The fundamental issue is that LLMs are trained to predict text, not to model causal mechanisms. They may have memorized many causal facts from their training data, but they cannot derive new causal relationships from first principles. As one paper put it, they function as “causal parrots,” capable of reciting causal knowledge without truly understanding or applying it.
This does not mean LLMs are useless for causal tasks. They can be valuable for generating hypotheses about causal structure, translating domain knowledge into formal causal models, and explaining causal reasoning to users. But they should not replace rigorous causal inference frameworks for important decisions.
Practical Advice: Getting Started with Causality
If you want to incorporate causal thinking into your work, here is where I would start:
1. Learn to Draw DAGs Before any analysis, sketch the causal graph. What causes what? What are the potential confounders? What are you trying to estimate? Tools like DAGitty (dagitty.net) make this easy and can automatically identify which variables you need to adjust for.
2. Distinguish Prediction from Causal Inference Not every problem requires causal reasoning. If you just need to predict what will happen (without intervening), correlation-based ML is fine. But if you need to know what will happen if you change something, you need causal methods.
3. Use the Right Tools Python libraries like DoWhy provide a principled framework for causal inference. The key steps are: model the problem causally, identify whether the causal effect can be estimated from your data, estimate it, and refute (test the robustness of) your estimate.
4. Read the Foundational Work “The Book of Why” by Judea Pearl and Dana Mackenzie is an accessible introduction. For more technical depth, “Causal Inference in Statistics: A Primer” provides the mathematical foundations. Miguel Hernan’s free course “Causal Diagrams: Draw Your Assumptions Before Your Conclusions” on edX is excellent for epidemiological applications.
Conclusion: The Path Forward for Intelligent Systems
Causality is not just an academic curiosity. It is the foundation for building AI systems that can reason about interventions, plan actions, and learn robustly from limited data. As we push toward more autonomous systems in robotics, healthcare, and other high-stakes domains, the ability to reason causally becomes essential.
The good news is that the tools exist. Judea Pearl’s do-calculus provides a complete framework for causal reasoning. Structural Causal Models give us a formal language. Causal discovery algorithms help us learn structure from data. And causal reinforcement learning shows how to build agents that understand what actually causes outcomes.

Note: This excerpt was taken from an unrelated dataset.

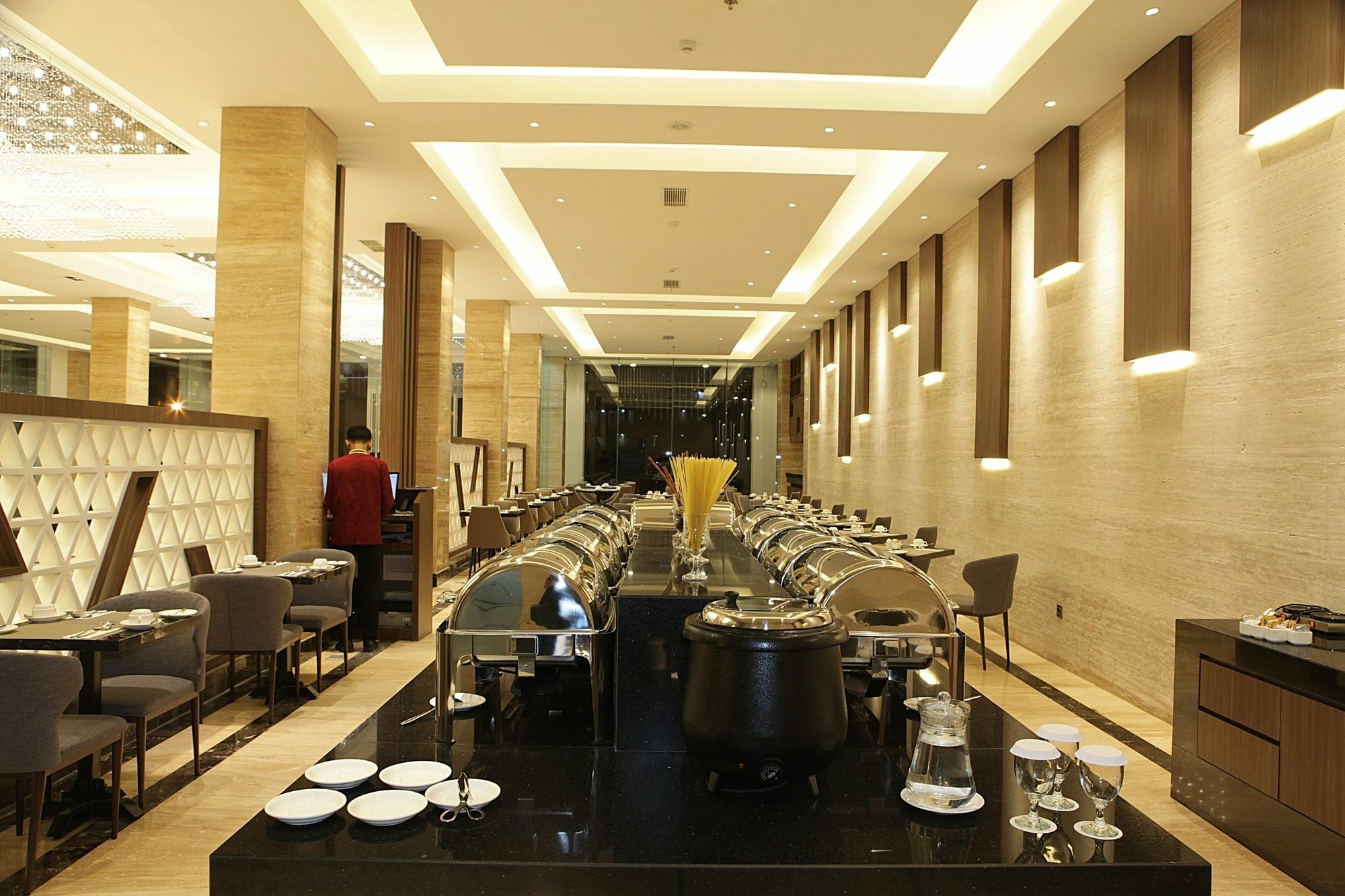 Hotel Pyramid 3*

The challenge is adoption. Most machine learning education focuses on prediction, not causal inference. Most tools are optimized for finding patterns, not testing interventions. Changing this requires a shift in how we think about the problems AI should solve.
If you take one thing from this post, let it be this: the next time you see a correlation in your data, pause and ask “But is it causal?” That simple question opens up a world of more rigorous, more reliable, and ultimately more intelligent systems.
References
- Pearl, Judea. “The Seven Tools of Causal Inference with Reflections on Machine Learning.” Communications of the ACM, 2019.
- Scholkopf et al. “Toward Causal Representation Learning.” Proceedings of the IEEE, 2021.
- Bareinboim, Elias. “Causal Reinforcement Learning.” Columbia University Causal AI Lab.
- Zeng et al. “Causal Reasoning and Large Language Models: Opening a New Frontier for Causality.” arXiv, 2023.
- Deng et al. “Causal Reinforcement Learning: A Survey.” arXiv, 2023.